Guest blog: Has change just exposed the PCC's weakness?

I doubt if the changes, announced yesterday, in the way the media presents Press Complaints Commission adjudications prompted spontaneous celebrations from the tabloid critics at the Leveson Inquiry.

Instead, I suspect they were greeted with comments like “too little, too late”.

The changes, announced by the Editors’ Code Committee , mean that from 1 January, editors who breach the code must publish critical PCC adjudications with a prominence that has been agreed in advance with the PCC’s director.

Committee chairman Paul Dacre, editor of the Daily Mail, believes the action will kill the myth that adjudications are routinely buried in the paper. “It should dispose of another misconception,” he said.

In my experience, this practice wasn’t always a misconception. An editor I knew once published an apology amid the classifieds – it replaced a house ad. And as a sub, I was often instructed to bury an apology or correction … “on a left hand page up the back somewhere”.

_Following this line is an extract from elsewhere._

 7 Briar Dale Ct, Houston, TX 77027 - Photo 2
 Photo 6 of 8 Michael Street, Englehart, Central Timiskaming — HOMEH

The Daily Mirror famously went to the other extreme and published a grovelling full page apology to American millionaire Steve Bing – with an article on the facing page saying how Americans didn’t understand British sarcasm.

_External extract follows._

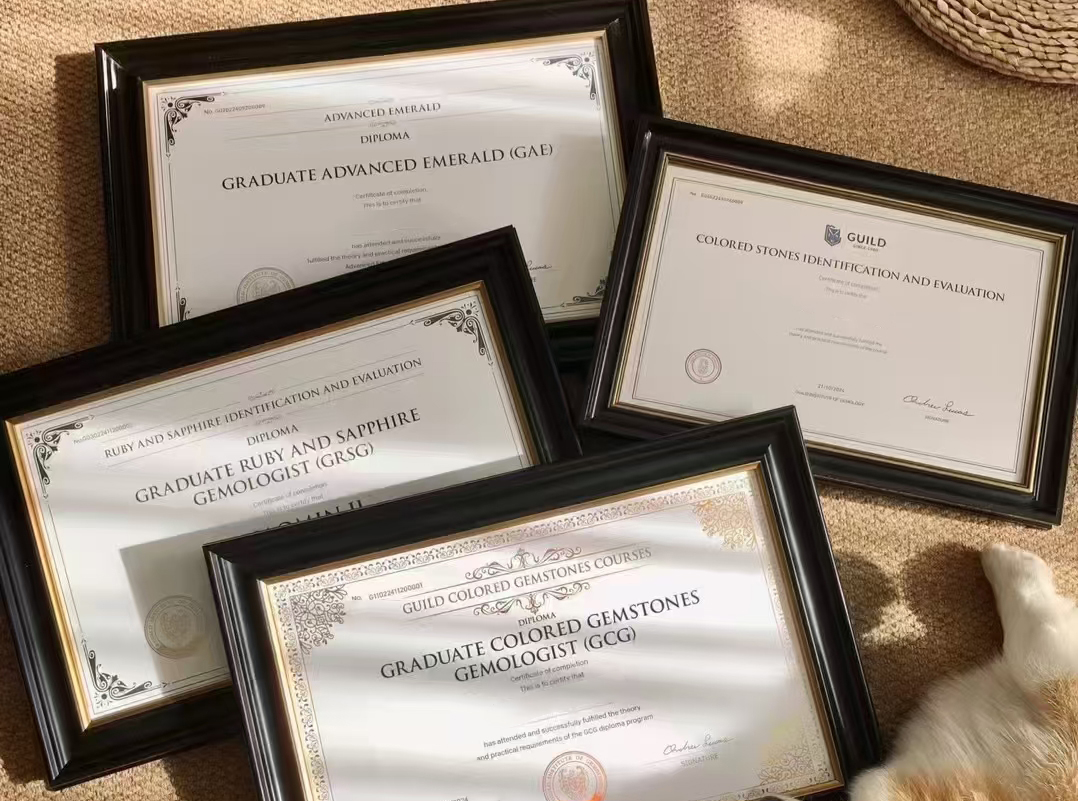 Gemologist Certificate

The situation has certainly improved in recent years, largely thanks to the PCC. Many papers now have an apology column on page two.

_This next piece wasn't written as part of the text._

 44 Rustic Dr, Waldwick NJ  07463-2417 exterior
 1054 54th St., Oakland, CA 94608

However, I don’t believe we go anywhere near far enough in righting our wrongs. Mud Sticks … and a couple of pars on page two do little to unstick it.

The Defamation Act 1996 offers a better solution. Someone defamed in a privileged article can insist on their right of reply receiving “like manner of publication” in terms of prominence and position.

The changes announced by the PCC are certainly a step in the right direction. But what if a publication could not agree the prominence of an adjudication with the PCC’s director? What would be the ultimate sanction?

A PCC spokesman explained: “In practice, there has never been an occasion when an editor has refused to publish a critical adjudication.

“The system of self-regulation requires buy-in from editors, and indeed it is a strength of the system that editors accept the commission’s rulings.

“Agreement on prominence is already frequently negotiated by the PCC in advance of publication anyway. This Code change now formalises that process.”

And if there was no agreement?

“Ultimately the matter would be referred to the Commission.”

And then? Hmm …

The new arrangements may improve the situation. But I fear our critics will see them as another demonstration of the PCC’s ultimate lack of power.

Cleland Thom is a consultant and trainer in media law.